EXERCISE> Restate word for word the lines below that run from the one holding "Indicători de performață" through the one holding "Pure Encapsulations 7-Keto", inclusive. Pictures don't belong in the copy.

RECORDS FOR THE TASK>
┏━━
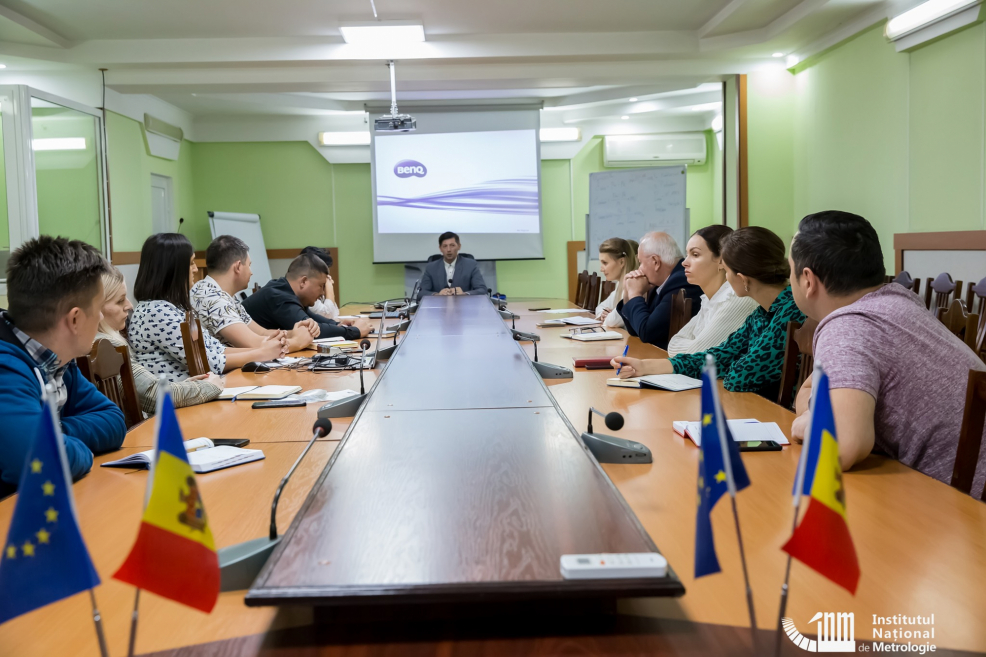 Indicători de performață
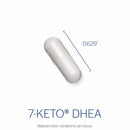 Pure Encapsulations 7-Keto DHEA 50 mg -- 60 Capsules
┗━━
┏━━
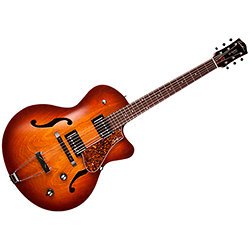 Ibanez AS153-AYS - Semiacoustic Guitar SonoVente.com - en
┗━━
┏━━
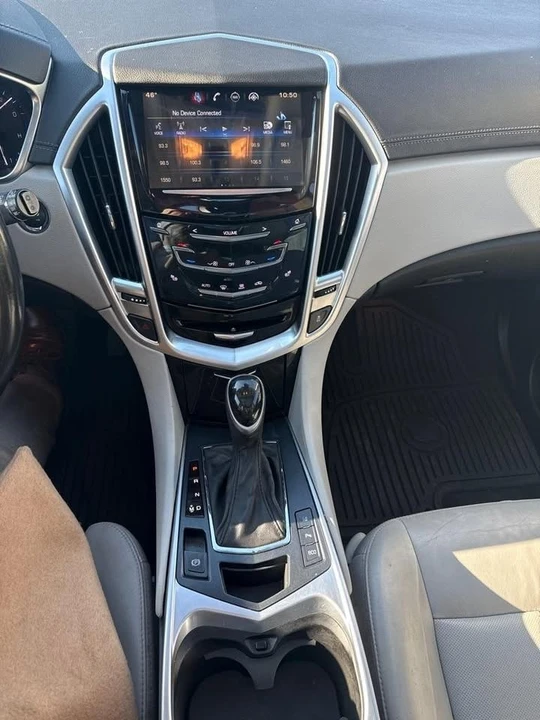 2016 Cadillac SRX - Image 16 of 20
┗━━
SOLUTION>
 Indicători de performață
 Pure Encapsulations 7-Keto DHEA 50 mg -- 60 Capsules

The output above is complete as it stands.